Many of the nation’s newest businesses are concentrated in industries like food and restaurant, retail, business services, healthy, beauty and fitness, and resident and commercial services. This is a potentially huge opportunity for your bank, if it’s ready and equipped for when these entrepreneurs come to you for financing. But if your bank is not prepared, it may be leaving serious money on the table that could otherwise provide a steady stream of valuable loan income.
That’s because these are the ideal customers for a SBA loan. If that’s not something your bank offers yet, here are three reasons to consider adding SBA lending to the loan portfolio this year.
1. New Avenue for Long-Term Customers
Small business customers often provide the longest-term value to their banks, both in terms of fee income generated and in dollars deposited. But not having the right loan solution to help new businesses launch or scale means missing out on a significant and lucrative wave of entrepreneurial activity. That’s where SBA lending comes in.

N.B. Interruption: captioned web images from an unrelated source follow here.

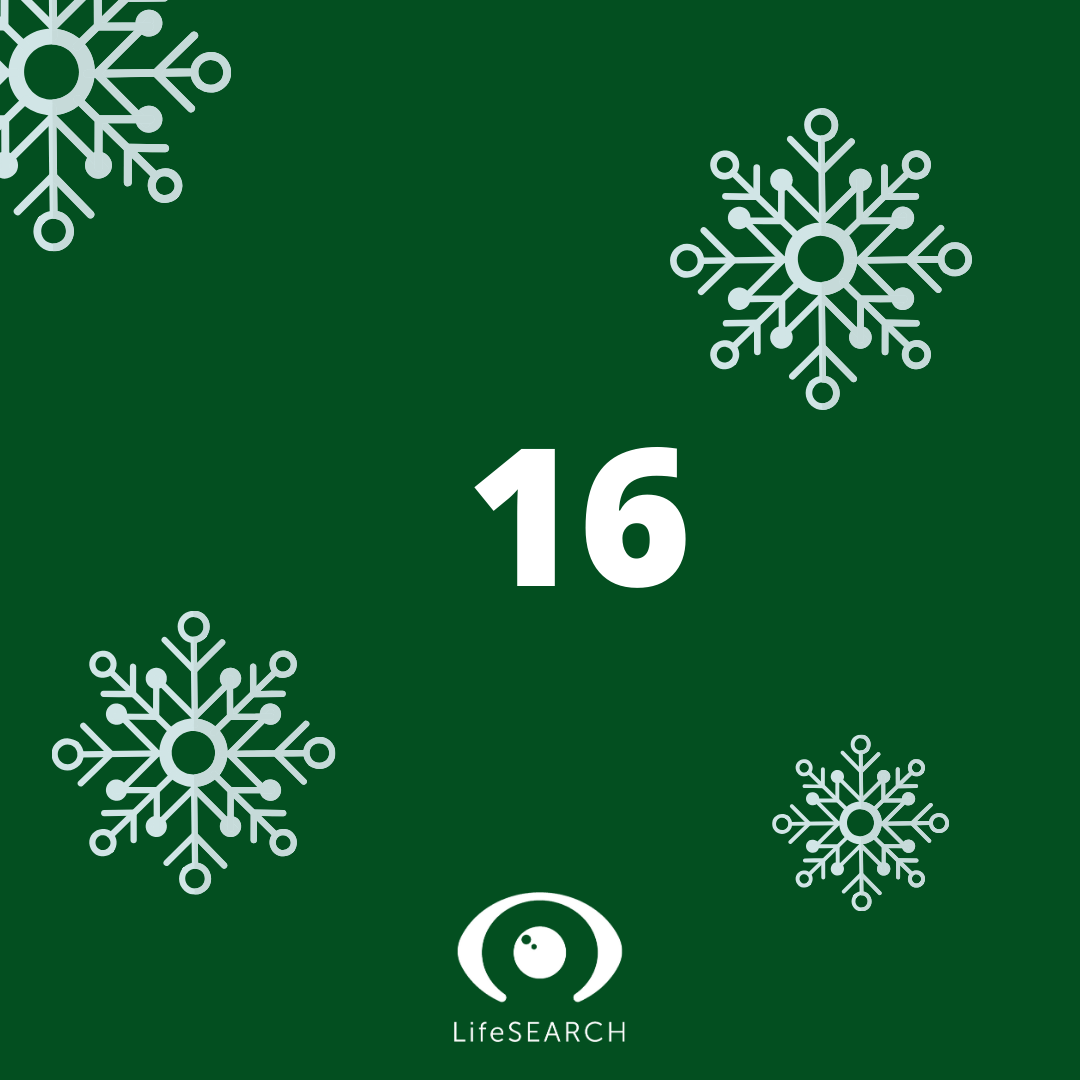 Xmas Door number 16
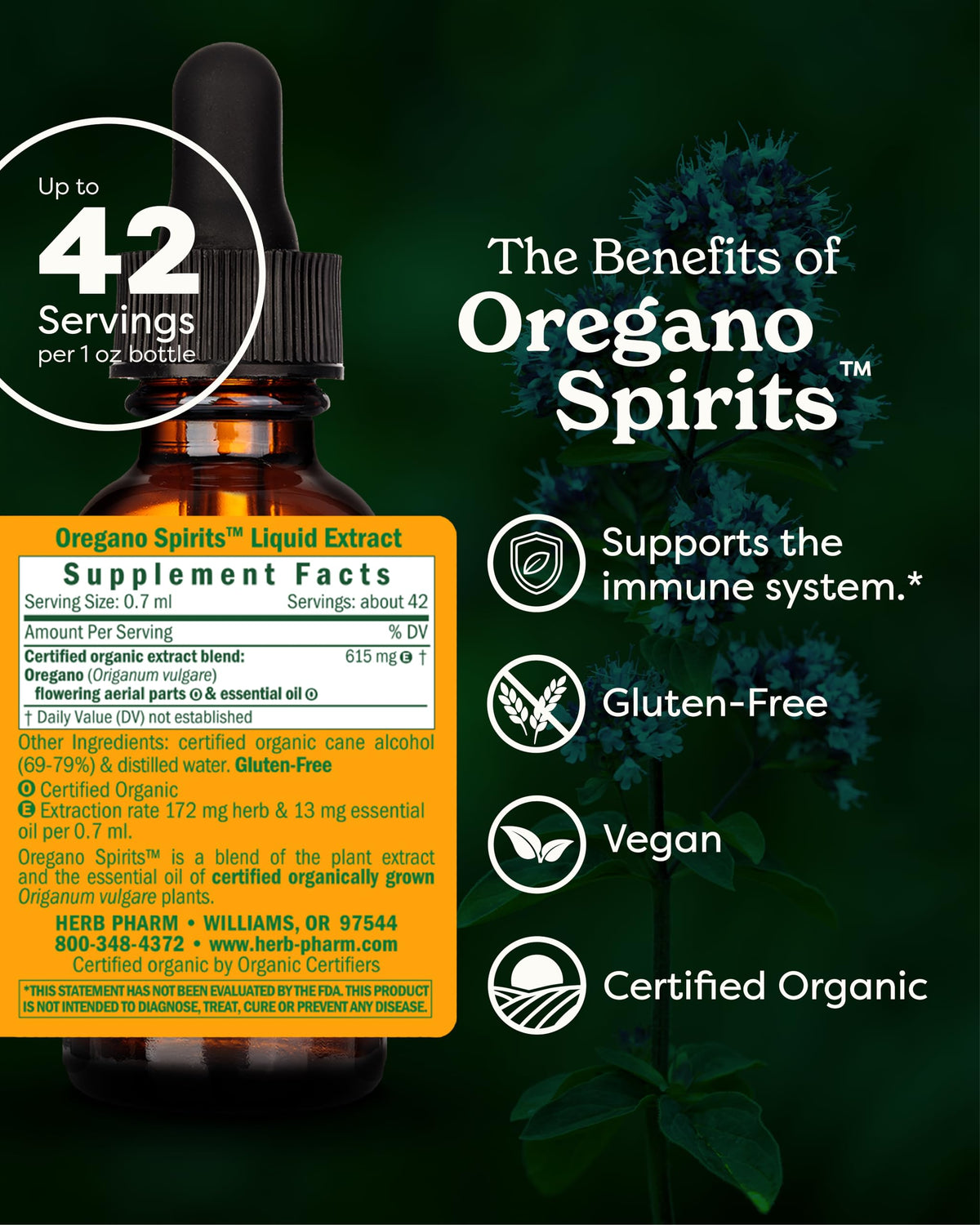 Vue arrière du flacon d'extrait de spirites d'origan Herb Pharm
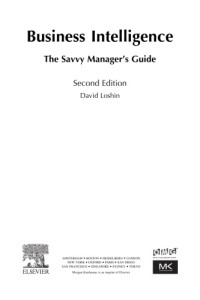 Абашева Л. П. — Business Intelligence : The Savvy Manager’s Guide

SBA loans provide the right solution to small businesses, at the right time. It’s an ideal conversation starter and tool for your bank team to turn to again and again and a way to kick off relationships with businesses that, in the long run, could bring your bank big returns. It’s also a great option to provide to current small business customers who may only have a deposit relationship.
2. Fee Income With Little Hassle
In addition to deeper relationships with your customers, SBA lending is an avenue to grow fee income through the opportunity for businesses to refinance their existing SBA loans with your bank. It broadens your portfolio with very little hassle.

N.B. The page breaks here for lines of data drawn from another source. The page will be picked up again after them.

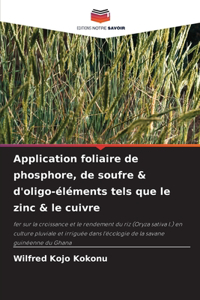 Application foliaire de phosphore, de soufre & d'oligo-éléments tels que le zinc & le cuivre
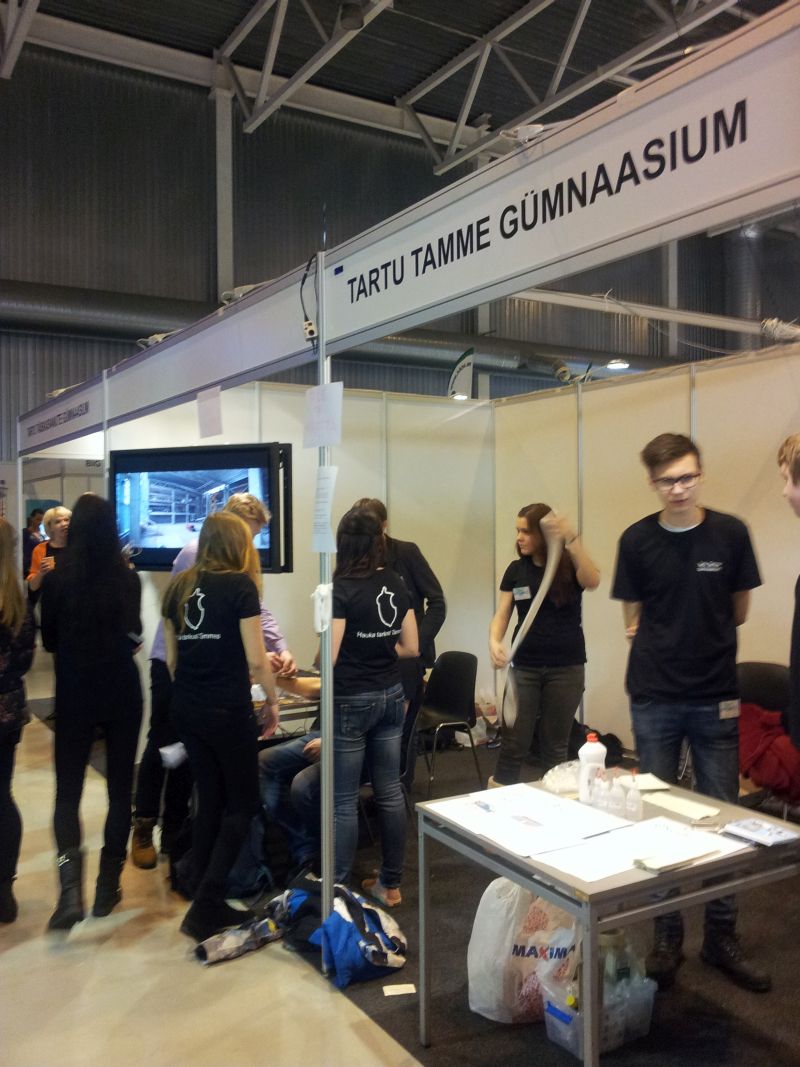2015Intellektika019.jpg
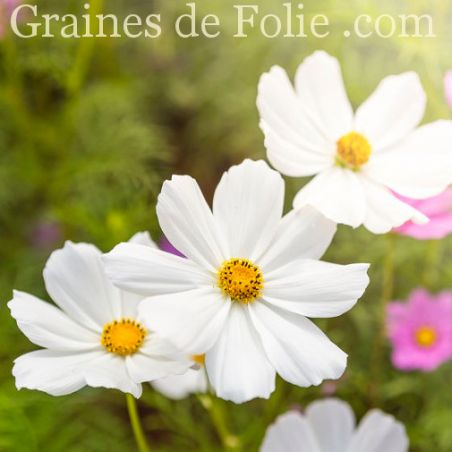 COSMOS VERSAILLES BLANC très grandes fleurs graines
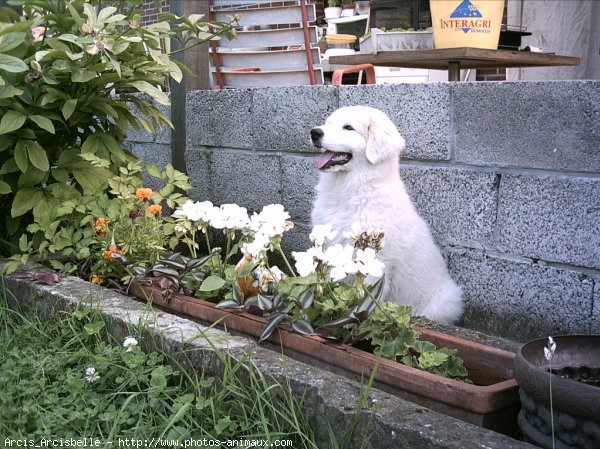 Photo de Chien de montagne des pyrnes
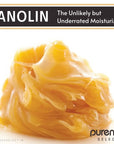 Lanolin Wax - PurensoSelect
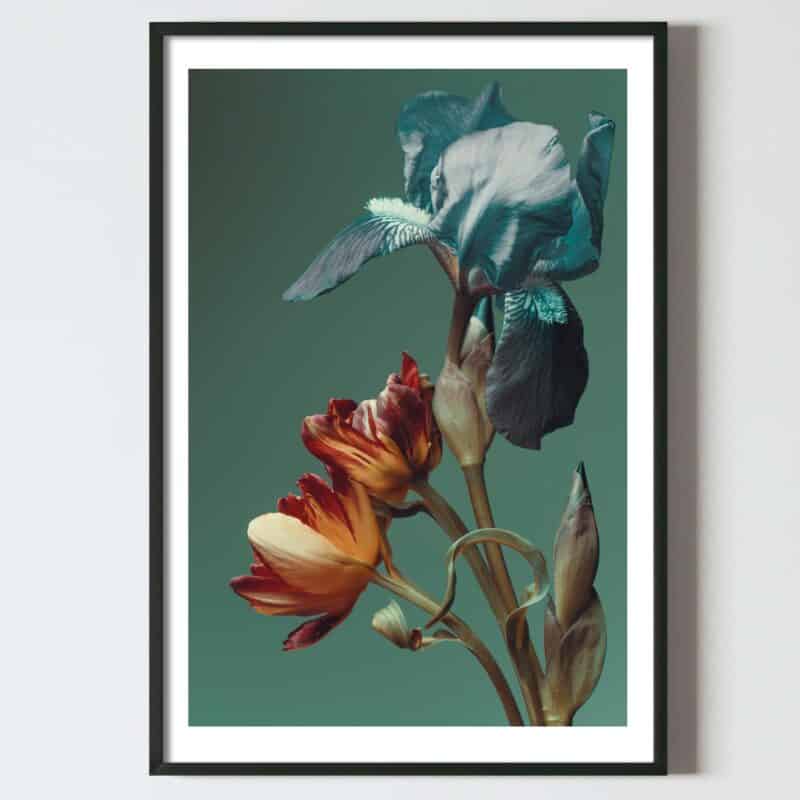 Postere perete flori fir lalea si iris, postere perete, postere pereti, postere mari de perete, tablou poster, postere inramate, postere bucuresti, tablouri scandinave, poster 50x70, tablouri, postere romania, tablouri moderne, design interior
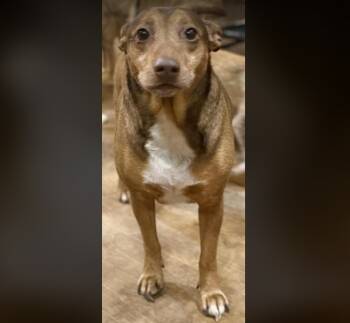 Rescue Mixed Breed Dogs for Adoption in Crossville, Tennessee - Brownie | PetCurious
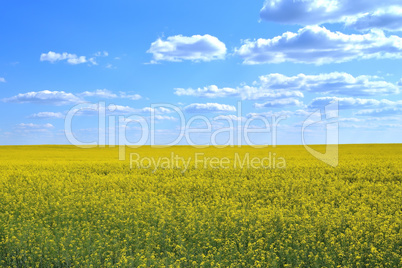 Field of yellow flowers and blue sky with clouds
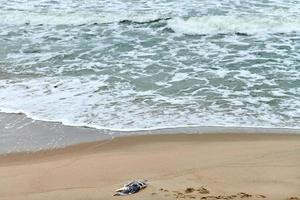 död- kropp av fågel på förorenad strand foto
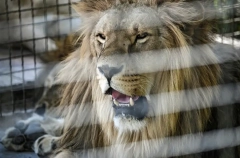 Житель ХМАО оштрафован за содержание льва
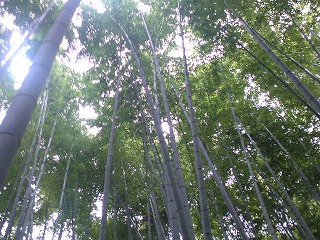 kamakura4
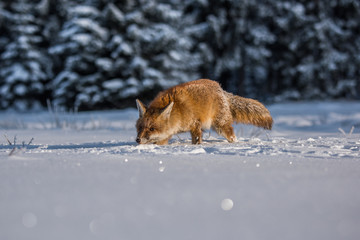red fox in the snow(Vulpes vulpes) 
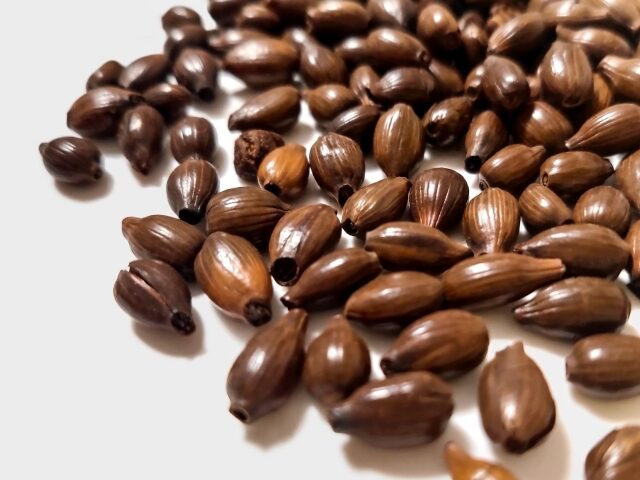 茶褐色の殻のついたハトムギの実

And when banks choose to outsource their SBA lending, they not only get the benefit of fee income, but incur no overhead, start up or staffing costs. The SBA lender service provider acts as the go-between for the bank and the SBA, and they handle closing and servicing.
3. Add Value, Subtract Risk
SBA loans can add value to any bank, both in income and in relationship building. In addition, the SBA guarantees 75% to 85% of each loan, which can then be sold on the secondary market for additional revenue.
As with any product addition, your bank is probably conscientious of the risks. But when you offer the option to refinance SBA loans, your bank quickly reduces exposure to any one borrower. With the government’s guarantee of a significant portion, banks have lots to gain but little to lose.